# Available data:
····················
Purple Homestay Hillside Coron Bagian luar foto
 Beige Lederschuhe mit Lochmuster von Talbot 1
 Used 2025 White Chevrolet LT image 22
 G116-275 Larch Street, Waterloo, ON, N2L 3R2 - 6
····················
# Task to complete:
A verbatim output of all the data above is needed.

# Answer area:
Purple Homestay Hillside Coron Bagian luar foto
 Beige Lederschuhe mit Lochmuster von Talbot 1
 Used 2025 White Chevrolet LT image 22
 G116-275 Larch Street, Waterloo, ON, N2L 3R2 - 6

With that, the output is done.